To start, Smith, Lincoln County Health Department administrator Joe Huff, and part-time health coordinator Ric MacDowell organized a November health summit meeting, open to anyone in the community. There, they shared the data, then dubbed the meeting’s attendees “stakeholders” and charged them with sponsoring health-improvement projects in the county.

“We asked people to break into groups and brainstorm ideas of what might be done, and then to make a commitment to go to whatever organization they felt most connected with and ask that organization to adopt a project,” MacDowell said.

The goal, according to Smith, is to help community members feel accountable for the area’s health, and in doing so, help change ideas of what, exactly, health means.

“I feel there’s a very poor perception in the county in terms of what we eat; we don’t have many gardens, we don’t exercise like we should, we don’t have programs to take care of drug addicts,” Smith said. “So what we are trying to accomplish is to change the perception of what health is.”
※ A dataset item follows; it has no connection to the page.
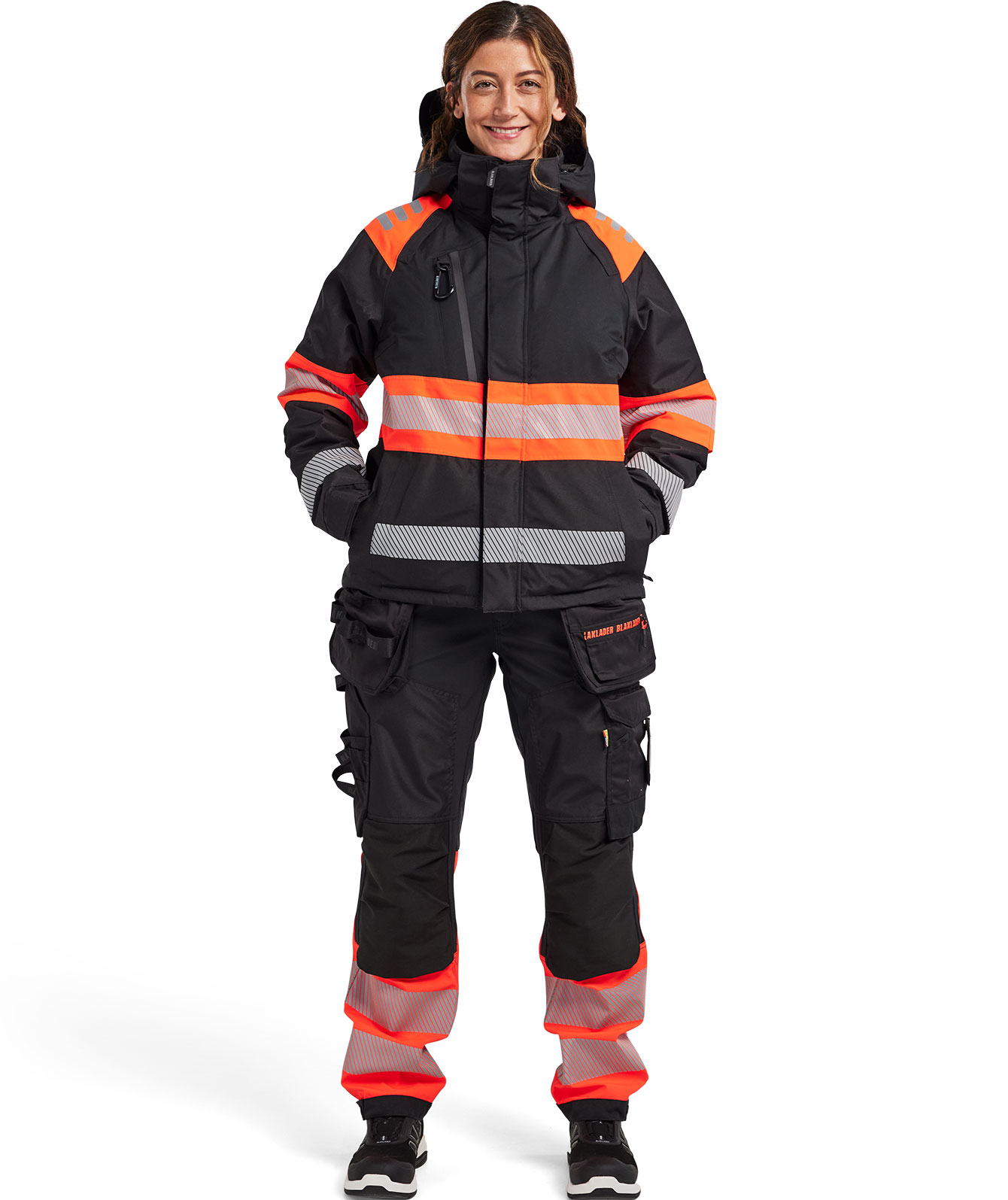 Bl&aring;kl&auml;der dame vinterjakke, Svart/Hi-Vis R&oslash;d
About 15 stakeholders signed on at the first summit meeting, submitting projects ranging from constructing walking and bicycle trails to church nursing programs and additional substance abuse support groups. Stakeholders are asked to update MacDowell periodically on their progress; a process he hopes will maintain the momentum from the summit.

“I think it certainly motivated the stakeholders to come together, and I think it prompted them to encourage their groups to do something,” he said of the meeting.

That was the case for Cook, who said he wouldn’t have come up with the idea for his church weight-loss group without being prompted by the health summit. To motivate his parishioners, Cook focused on the connection between physical and spiritual health.

“I just think of it in terms of balance,” he said. “If one part of your being is out of balance, it’s going to affect the other parts. So that’s the approach I took with it to overcome some initial hesitation.”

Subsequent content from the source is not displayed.